- YOUR OBJECTIVE
All entries are to be transcribed exactly. Pictures are not part of the copy.

Start of RECORDS FOR THIS TASK

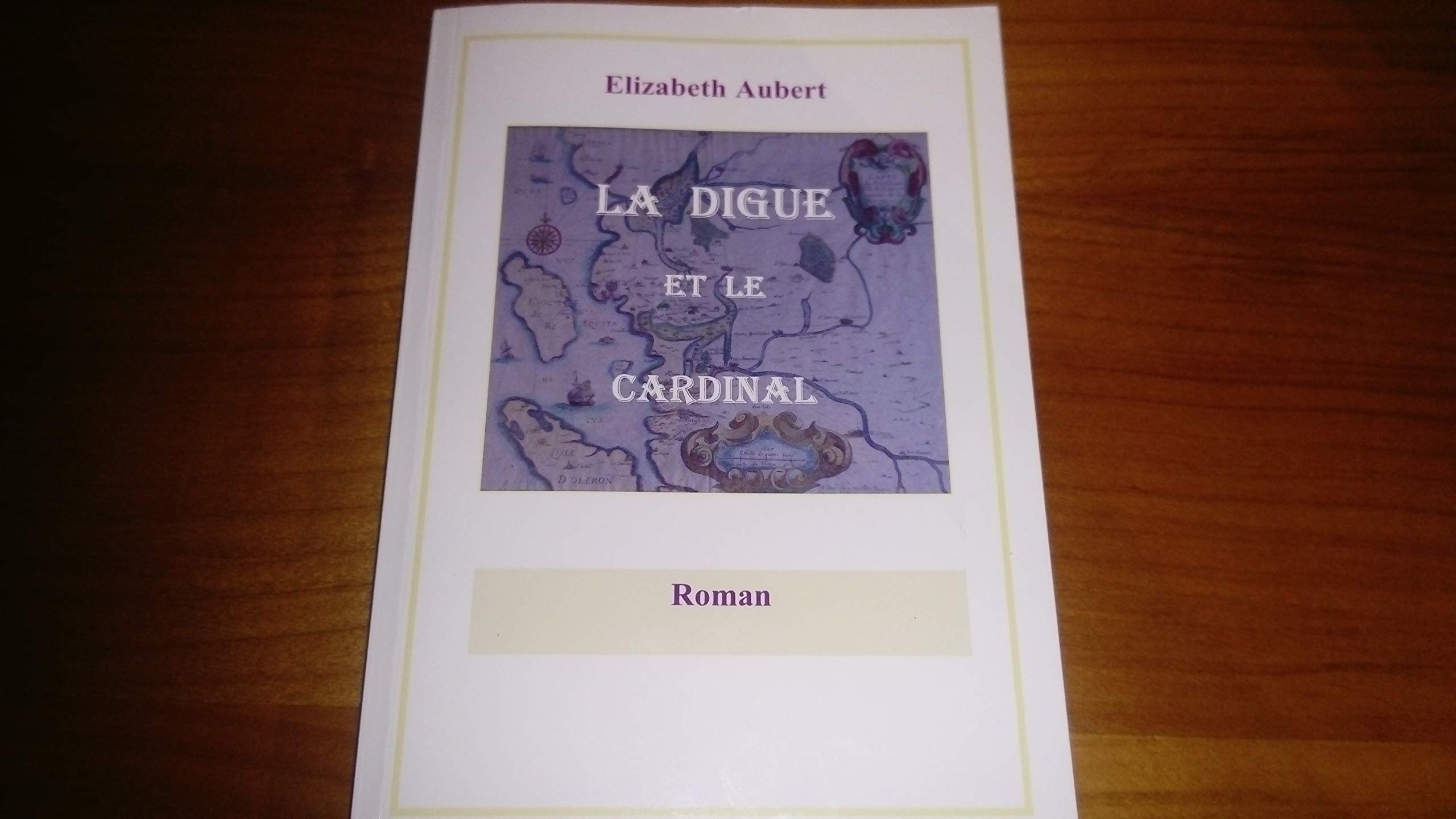 La digue et le cardinal - Le vent soufflait sur la digue - 1ère partie . Books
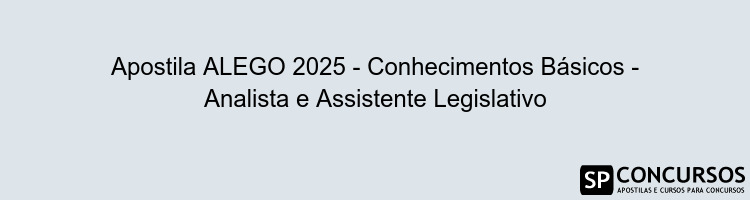 Apostila ALEGO 2025 - Conhecimentos Básicos - Analista e Assistente Legislativo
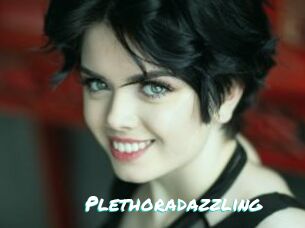 Plethoradazzling
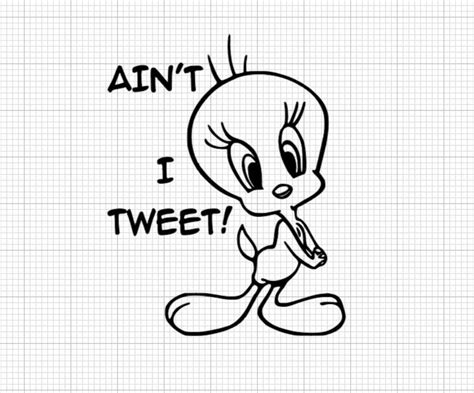 Tweety Bird Svg Funny Bird Quote Svg Svg Files Digital Download Svg Bird Design Svg Cut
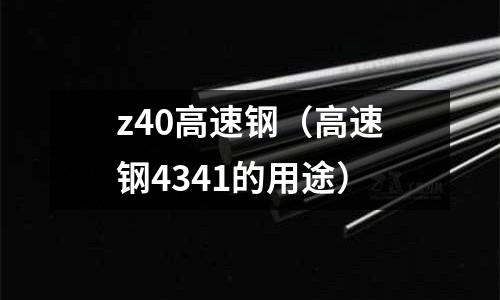 z40高速鋼（高速鋼4341的用途）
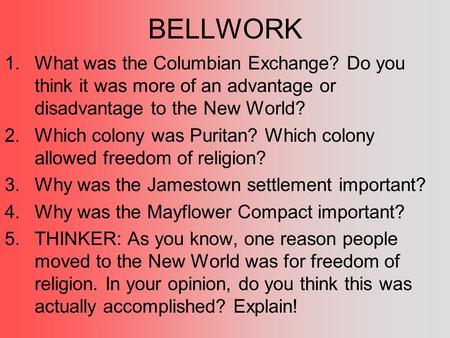 BELLWORK What was the Columbian Exchange? Do you think it was more of an advantage or disadvantage to the New World? Which colony was Puritan? Which colony.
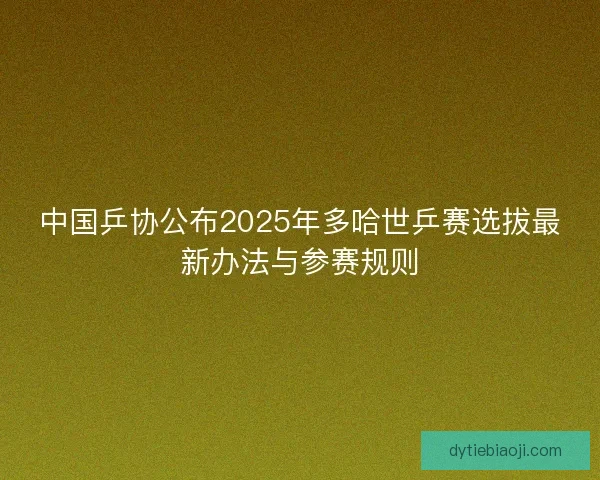 中国乒协公布2025年多哈世乒赛选拔最新办法与参赛规则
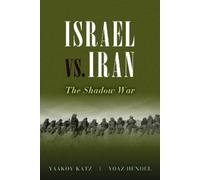 Yaakov Katz Yoaz Hendel Israel Vs. Iran (Copertina rigida)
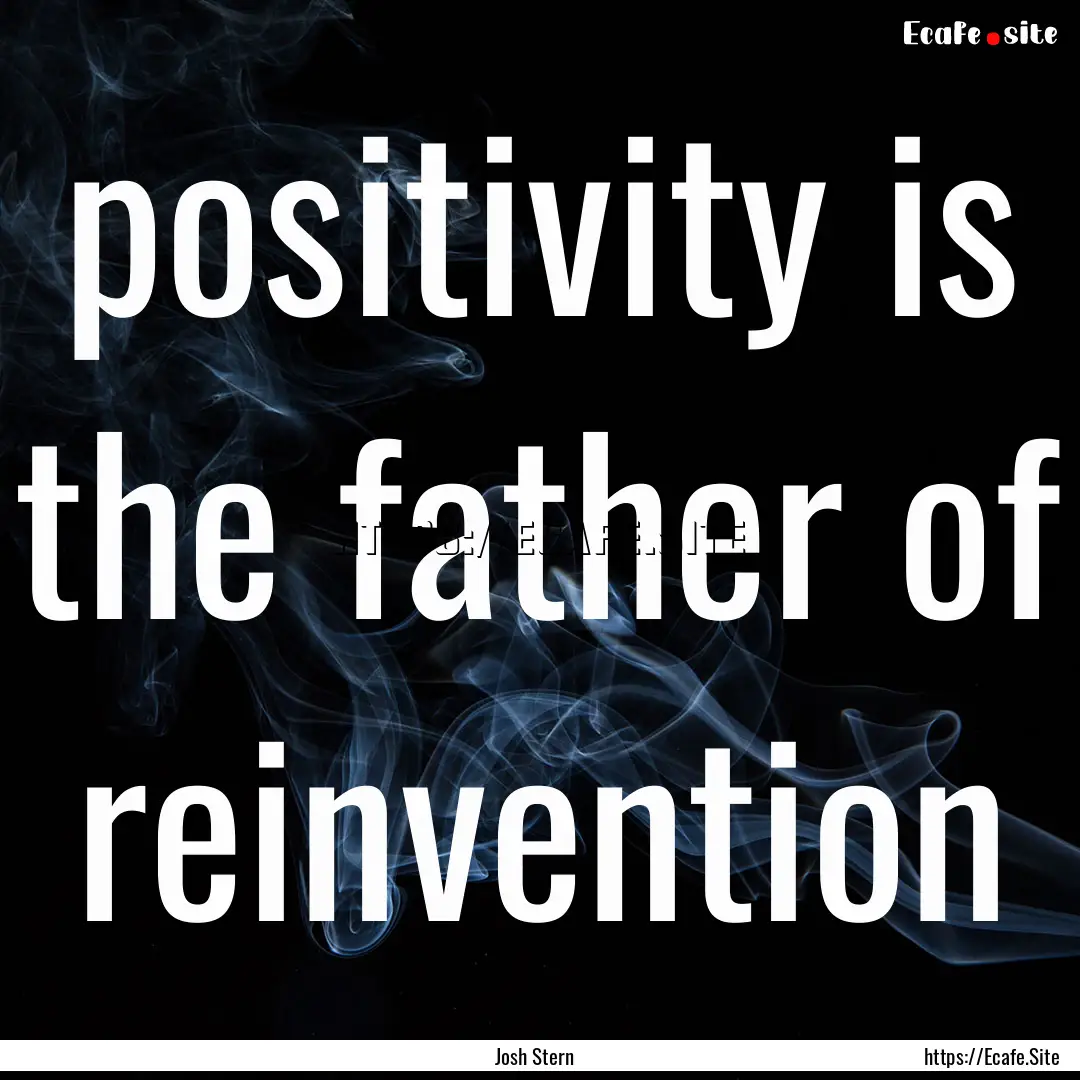 positivity is the father of reinvention : Quote by Josh Stern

End of RECORDS FOR THIS TASK

- RESPONSE TO THIS TASK
 La digue et le cardinal - Le vent soufflait sur la digue - 1ère partie . Books
 Apostila ALEGO 2025 - Conhecimentos Básicos - Analista e Assistente Legislativo
 Plethoradazzling
 Tweety Bird Svg Funny Bird Quote Svg Svg Files Digital Download Svg Bird Design Svg Cut
 z40高速鋼（高速鋼4341的用途）
 BELLWORK What was the Columbian Exchange? Do you think it was more of an advantage or disadvantage to the New World? Which colony was Puritan? Which colony.
 中国乒协公布2025年多哈世乒赛选拔最新办法与参赛规则
 Yaakov Katz Yoaz Hendel Israel Vs. Iran (Copertina rigida)
 positivity is the father of reinvention : Quote by Josh Stern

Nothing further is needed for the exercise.